= Rav Kahana III =

Babylonian rabbi

For other Amoraic sages of Babylonia with the name "Rav Kahana", see Rav Kahana.

Rav Kahana (III) (רב כהנא מפום נהרא, read as Rav Kahana Me-Pum-Nahara, lit. "Rabbi Kahana of Pum-Nahara"; appearing in the Talmud merely as Rav Kahana) was a Babylonian rabbi, of the third and fourth generation of amoraim, who headed the Yeshiva of Pum-Nahara.

==Biography==
During his youth he studied under Judah ben Ezekiel, and after his death, he served at Rabbah bar Nahmani as well, and learned under him tractate Sanhedrin along with his great friend Rav Safra. He made Aliyah to the Land of Israel along with Safra, and studied under Rabbi Zeira and Rabbi Abbahu. He also studied under Rabbi Hiyya bar Abba, who also prayed for his longevity, and indeed his blessing materialized.

After a while he returned to Babylonia, and then fixed his residence at Pum-Nahara, where he studied with Rav Ashi, who became his leading student. Ashi honored Kahana greatly, but considered Amemar to be his principal Rabbi as well. Ashi would use the honorary title 'Mar' ("Sir") towards Amemar, but only when Kahana was not present.

He was a colleague of Rav Nachman bar Yitzchak, and together they rebuked the rich individuals who interfered with the appointment of religious judges and community leaders.

He was a Kohen, from Eli ha-Kohen's family.
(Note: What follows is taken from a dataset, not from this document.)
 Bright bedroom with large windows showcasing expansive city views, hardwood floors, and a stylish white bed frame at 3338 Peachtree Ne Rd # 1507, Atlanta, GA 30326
Kahana's Yeshiva in Pum-Nahara was subordinated to the yeshiva in Sura, but from the times of Rava's death and onward, the heads of the Yeshiva in Nehardea would frequently visit Rav Kahana III in Pum-Nahara, most likely for the purpose of reinforcing their yeshiva's influence over the yeshiva in Pum-Nahara. This reinforcement of ties, between Nehardea and Pum-Nahara, is attested by the fact that Kahana III gave his funeral oration to Rav Zevid of Nehardea at Pum-Nahara.